_Your objective_: Restate the data exactly as given and keep the pictures out.
*** Provided material Section Begins ***
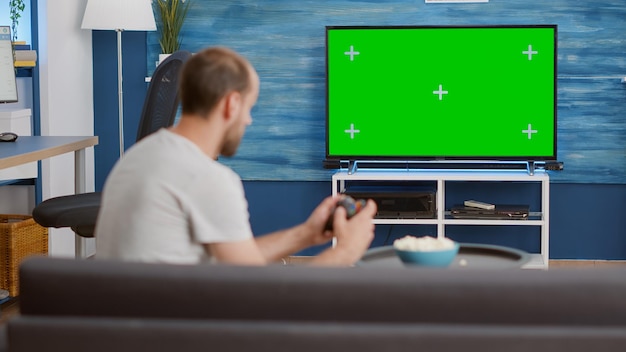 Uomo con controller wireless che gioca con il videogioco per console su una tv a schermo verde mentre è seduto sul divano nel soggiorno moderno. Il giocatore si rilassa sul divano godendosi il gioco online sul display croma key.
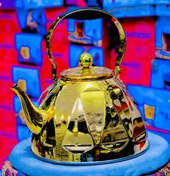 تصویر کتری طلایی طرح الماسی کف چودن 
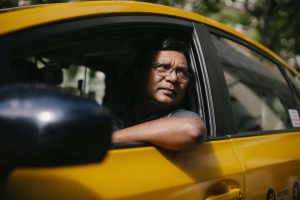 homem olhando da janela de um carro amarelo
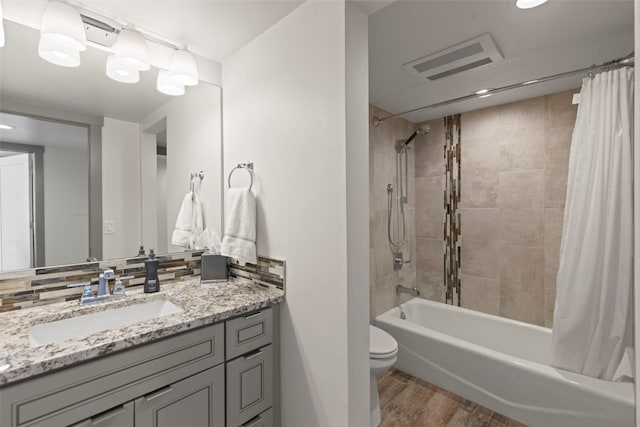 full bathroom featuring shower / bath combo, toilet, visible vents, wood finished floors, and vanity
*** Provided material Section Ends ***
_Reply_:
 Uomo con controller wireless che gioca con il videogioco per console su una tv a schermo verde mentre è seduto sul divano nel soggiorno moderno. Il giocatore si rilassa sul divano godendosi il gioco online sul display croma key.
 تصویر کتری طلایی طرح الماسی کف چودن 
 homem olhando da janela de um carro amarelo
 full bathroom featuring shower / bath combo, toilet, visible vents, wood finished floors, and vanity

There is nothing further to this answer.